BlackBerry users were spared the
shutdown by the settlement, but in mid-April the government users and the rest
of the 8 million or so North American BlackBerry users got a little taste of
what a shutdown would have felt like.
The outage was short -- about 12
hours -- but the impact, at least in the press, was great. As an indication,
Google News gets more than 1,600 hits on news articles dealing with BlackBerry
+ outage -- more than 380 of them include the derogatory term
"CrackBerry." There were many stories about the loss that people felt
when they were not in touch on a second-by-second basis, mingled with a few
stories about the threat of people using BlackBerries while driving.

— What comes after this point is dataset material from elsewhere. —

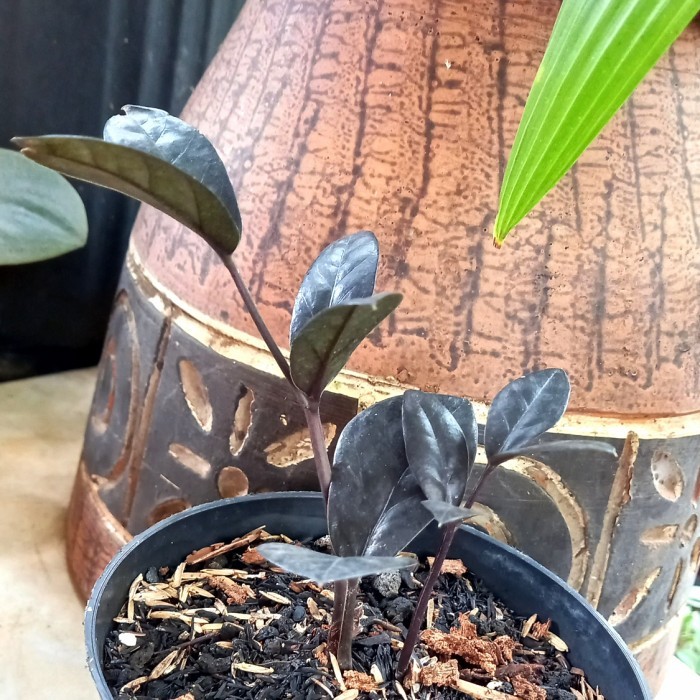 Zamia Raven Black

There are a number of lessons to
be learned from this incident. A major one is a lesson that companies seem to
have to always learn on their own. It seems like common sense to be as open and
forthcoming as possible when you have messed up. But I guess RIM, like retailer
TJX with its recent data breach, lacks common sense. It took RIM a long time to
fess up that it was poor planning on its part that caused the problem --
specifically an incompletely tested upgrade and faulty failover to a backup
system. Many people worry that it is just a cover story and that the real
problem is that RIM is growing faster than its systems and processes can
support. RIM still does not have any explanation on its Web page of what
happened, at least that I could find under support and press releases. If RIM
had been quicker to say what happened and provided more detail maybe more
people would believe the company.
Another major lesson was forgotten
a few minutes after the service was restored. Very few people need to be as
connected as they think these days. At least BlackBerries are quiet and, thus,
are not as annoying to others as loud cell phone conversations in restaurants
and elevators.
I admit to not having a
BlackBerry, nor do I keep my cell phone on except in special cases, so it is
easier for me to preach. But that might all change when I get my hands on an
iPhone.
Disclaimer: The Harvard Divinity
School teaches preaching but the above preaching is untutored and represents my
opinions, not the university's.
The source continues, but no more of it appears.